Mike-Giancarlo photo
The conjoint Pathfinder Award for walking an extra 10 km in the rain on the hardest day of the Camino goes to Mike, the Marquette heart-throb.

 

 

 

 

 
Andrea-Giancarlo photo
The Vince Lombardi Award for a granite head and the offer to tackle anyone goes to Andrea, our resident engineer and rugby player.

 

 

 

 

 
Katie-Hailey photo
The Snookie Award for being Joanne and entertaining us all, while getting a branch-full of nature in the eye, goes to Katie.

 

 

 

 

 
Julianna-Giancarlo photo
The coveted Coco Chanel Award for being best dressed by virtue of actually wearing a dress and remaining cool, calm and collected (except with Chase bank) goes to Julianna.

 

 

 

 

 
Tom-Amy photo
The Seinfeld Award for stealth standup or lie-down comedy, with a Bill Clinton badge for playing the sax (and who knows what else), goes to Tom.

 

 

 

 

 
Matt-Giancarlo photo
The “Mud Hill” Award for carrying someone else’s pack to La Laguna while claiming he’s not a nice guy goes to Matt.

 

 

 

 

 
Giancarlo-Giancarlo photo
The Tony Bennett Crooner Award goes to Giancarlo, the singing psychopath who may never show his dark side, except perhaps to his nonna.

 

 

 

 

 
Nicole-Amy photo
In this version of the Hunger Games, the Hair on Fire Award goes to Nicole, the mollusc-free pundit who has read everything.

 

 

 

 

 
Hailey-Giancarlo photo
The Florence Nightingale Award and this year’s Energizer Bunny Award go to Hailey, the neon-colored health care professional who may have neither had nor lanced a blister.

 

 

 

 

 
Allie-Giancarlo photo
The Little House on the Prairie Award for offering to teach in Spain’s smallest village goes to Allie, our own bipolar (i.e., walking with two sticks) peregrina.

 

 

 

 

 
Rickie-Giancarlo photo
The combined Steve Jobs and Rock of Ages Award for tech savvy, maintaining the blog, and bonhomie mit Rhythmus goes to Ricky.

 

 

 

 

 
Rachel-Hailey photo
The Kierkegaard Award for philosophical eccentricities goes to Rachel, the tireless student of religion and society who has confirmed a love for ritual, beer and taxi service.

 

 

 

 

 

THE AWARD COMMITTEE
Gyug-Amy photo Myers-Giancarlo photo

 

PHOTO CREDITS: Photos of Allie, Mike, Andrea, Julianna, Giancarlo, Ricky, Hailey, Amy, Matt and Dr Myers by Giancarlo Milea; photos of Alyssa, Rachel, Katie by Hailey Cox; photos of Nicole, Tom and Dr Gyug by Amy Gembara.

June 5-6: Santiago!

As I write this, the smells of El Gato Negro come rushing back to me – the pulpo, the pimientos, and of course, the pan. After our inside (and outside) look at the cathedral, our pursuit of the authentic pilgrim experience continued, and we found ourselves in the classy arms of a five-star establishment. Well, five stars if the rating system were determined by great companionship and how much “sweet smell of success” hung in the air. We spent two hours together, and our final meal was one for the books. Although we were in a warm, crowded back room of this small bar, we were all glowing with pride – we had FINALLY made it to Santiago. Yes, there were bumps and bruises, but we were all together, a Camino family, sharing in one last experience that would conclude one of the best times we will ever have.

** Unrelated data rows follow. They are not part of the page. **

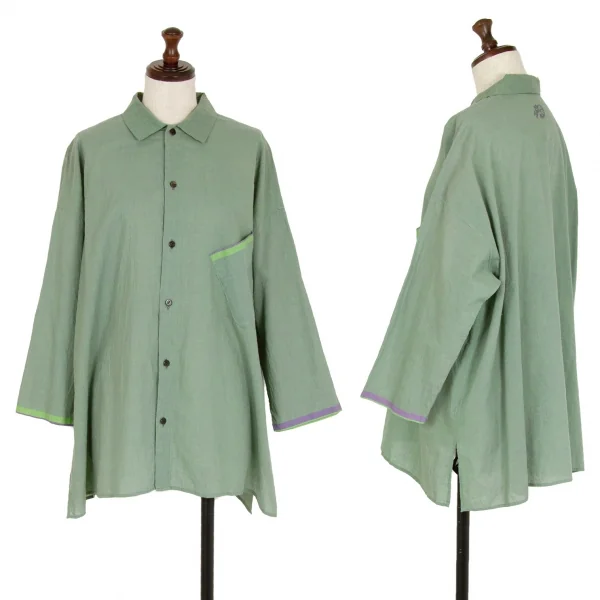 ヨーガンレール ババグーリJURGEN LEHL Babaghuri コットンバックキャット刺繍斜行ポケットオーバーサイズシャツ 緑紫M K-108266_001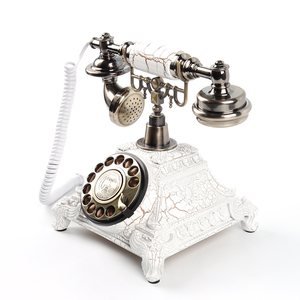 Téléphone <span class=keywords><strong>vintage</strong></span> blanc chromé bronze doré, remplace le livre d'or de mariage, téléphone livre d'or à cadran rotatif avec enregistrement audio - Product Image 2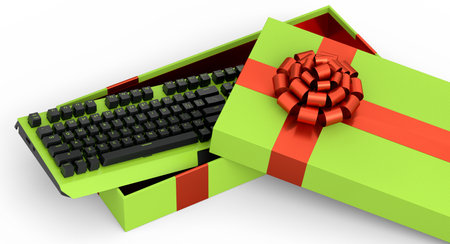 Gift boxes with keyboard, ribbon and bow isolated on white background. 3d render concept of greeting design Birthday, Christmas, Black friday, New Yearの写真素材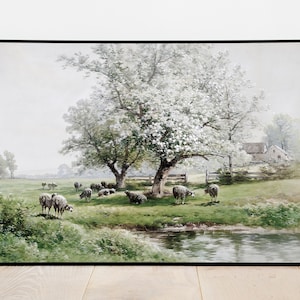 Sheep by a Countryside Stream - Vintage Printable Art - Instant Digital Download Print Painting - Antique Farmhouse Tree Muted Rustic - o865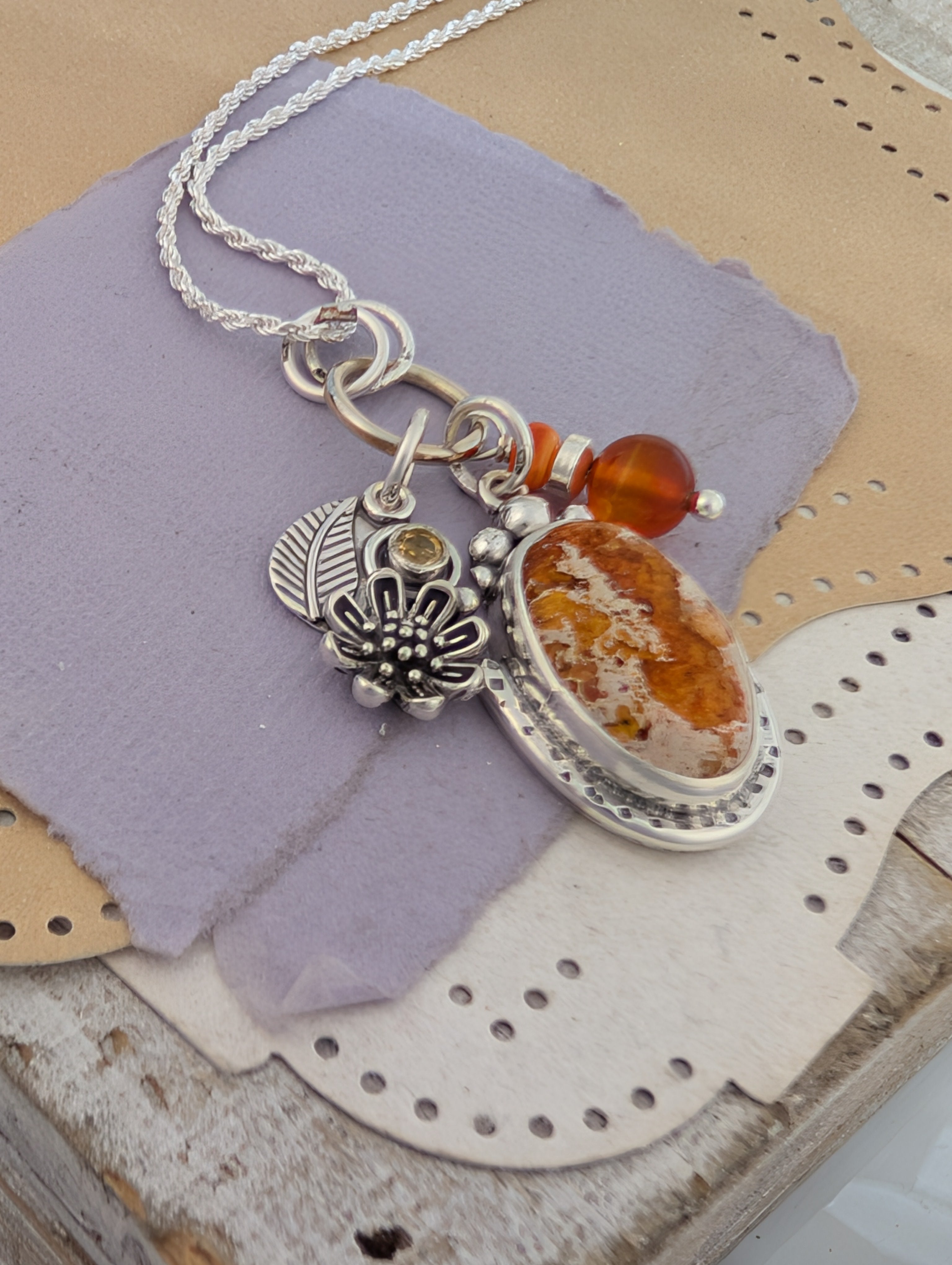 Mexican Jelly Opal, Citrine and Carnelian Charm Sterling Silver Necklace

Following our feast, the illustrious Drs. Gyug and Myers surprised us with our very own version of the Oscars. It was at this point that we all realized just how once-in-a-lifetime this experience truly was, and just how wonderful our two leaders truly are. Thoughout the Camino, they paid attention to the multitude of personalities, likes, and quirks of each and every pilgrim in our group, and presented the Camino awards to each person, tailor-made. From Little Miss Sunshine (Amy) to the Kantian who “does the right thing whether he likes it or not (Matt),” these awards came straight from the keenly observant minds and kind hearts of our professors, and the gifts they gave each of us reflected this compassion. The Camino awards made the experience that much more special, as it reflected just how close we had all become.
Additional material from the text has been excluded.